- **WORK TO COMPLETE**
What is needed is an exact copy of the lines in the entries below from the one holding "Букет цветов из: Лилии" through the one holding "Vends Synthétiseur ROLAND", pictures excluded.

- **DATASET**

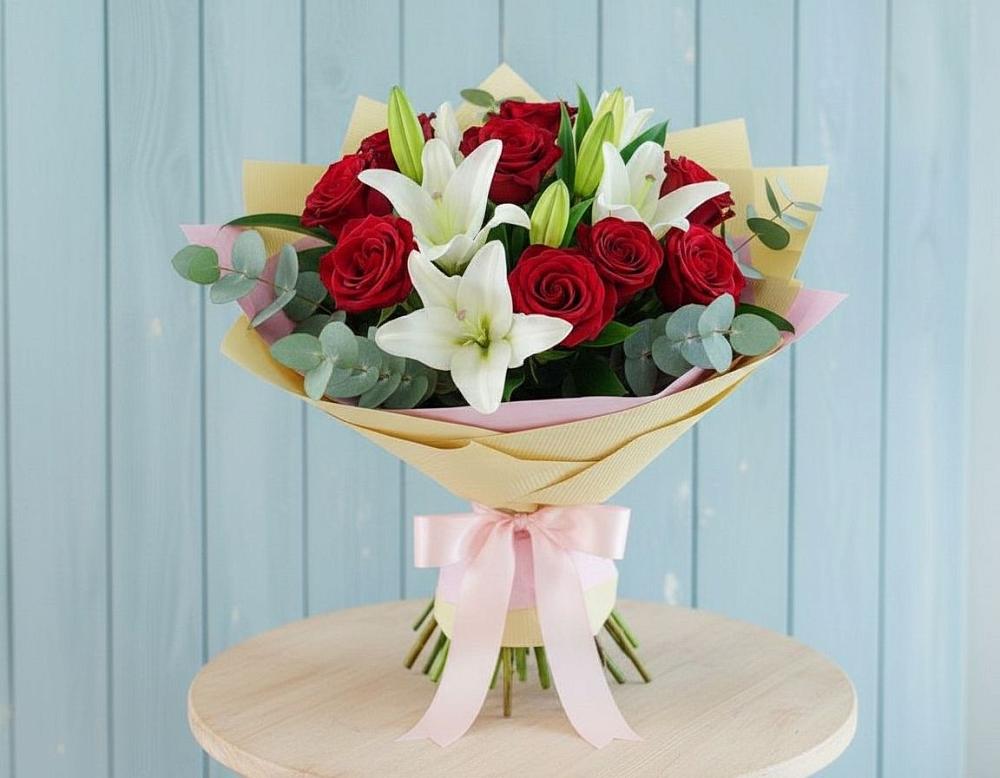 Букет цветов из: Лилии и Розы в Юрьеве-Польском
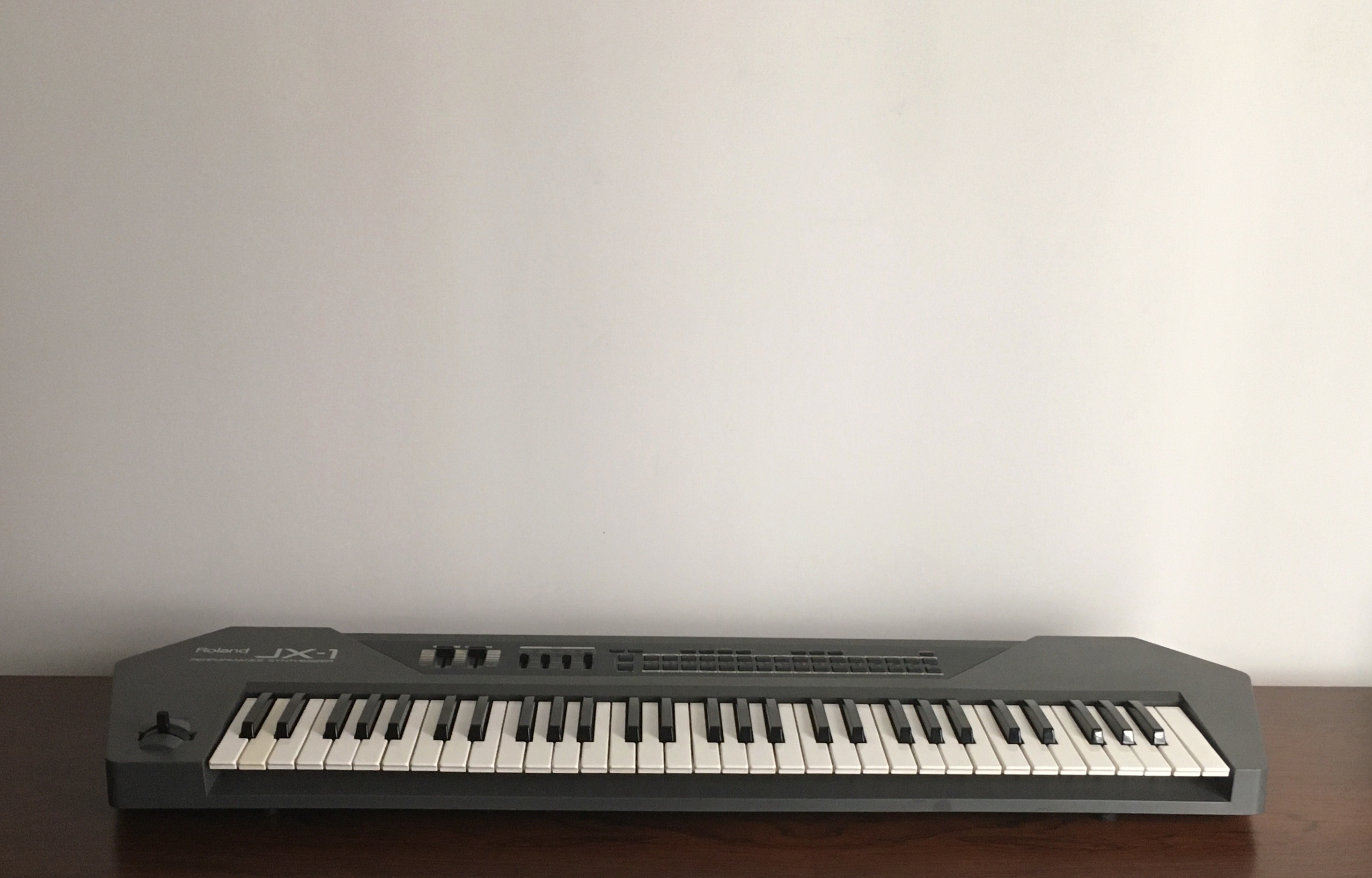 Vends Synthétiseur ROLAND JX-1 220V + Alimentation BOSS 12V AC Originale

...

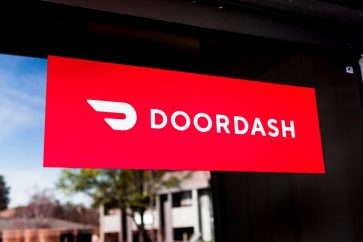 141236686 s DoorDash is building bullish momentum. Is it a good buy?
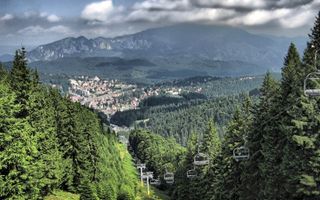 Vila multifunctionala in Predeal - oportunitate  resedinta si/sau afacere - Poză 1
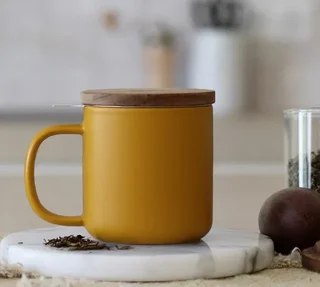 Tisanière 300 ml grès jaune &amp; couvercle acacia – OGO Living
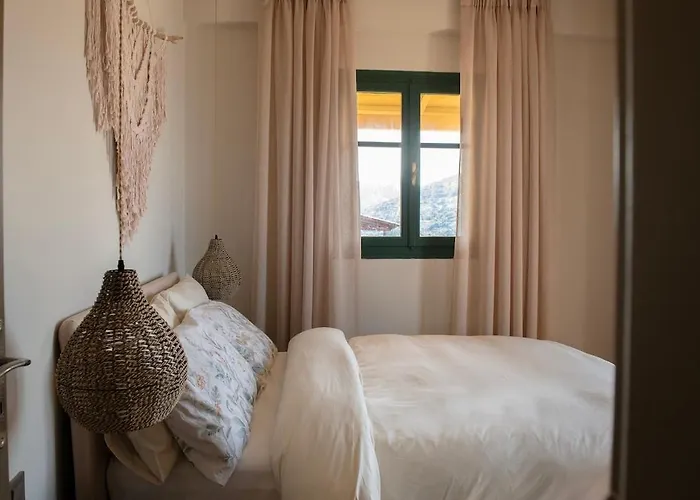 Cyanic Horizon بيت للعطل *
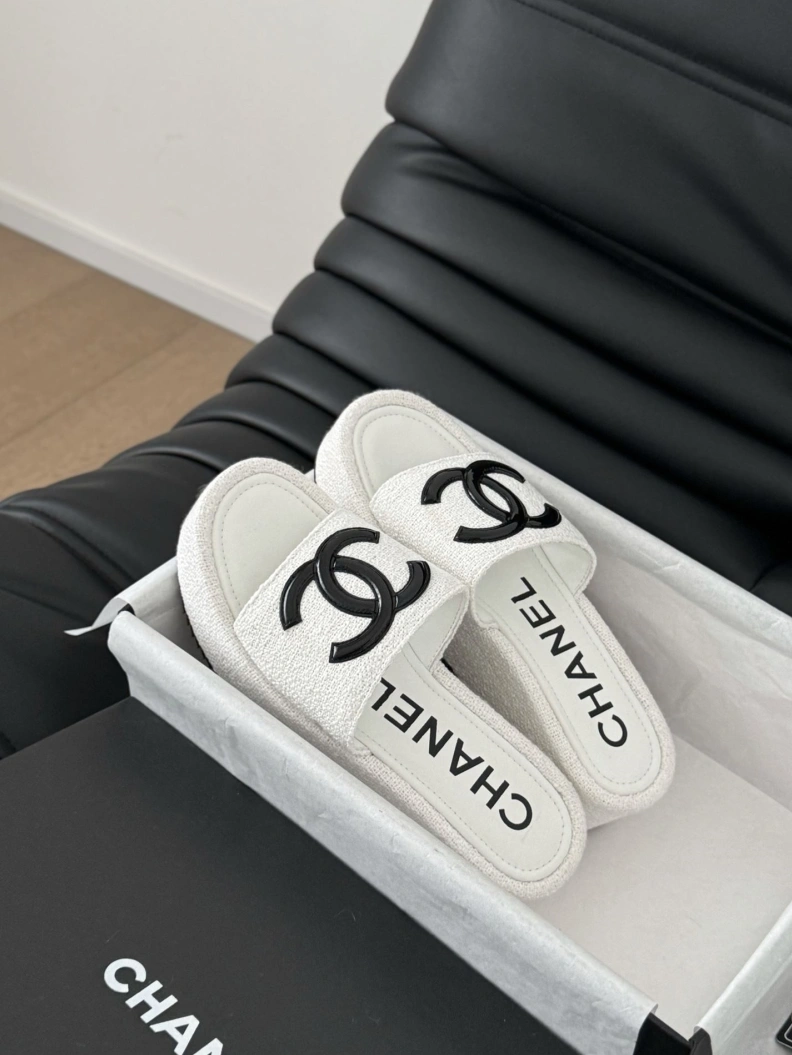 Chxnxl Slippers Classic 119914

- **SOLUTION FOR THIS TASK**
 Букет цветов из: Лилии и Розы в Юрьеве-Польском
 Vends Synthétiseur ROLAND JX-1 220V + Alimentation BOSS 12V AC Originale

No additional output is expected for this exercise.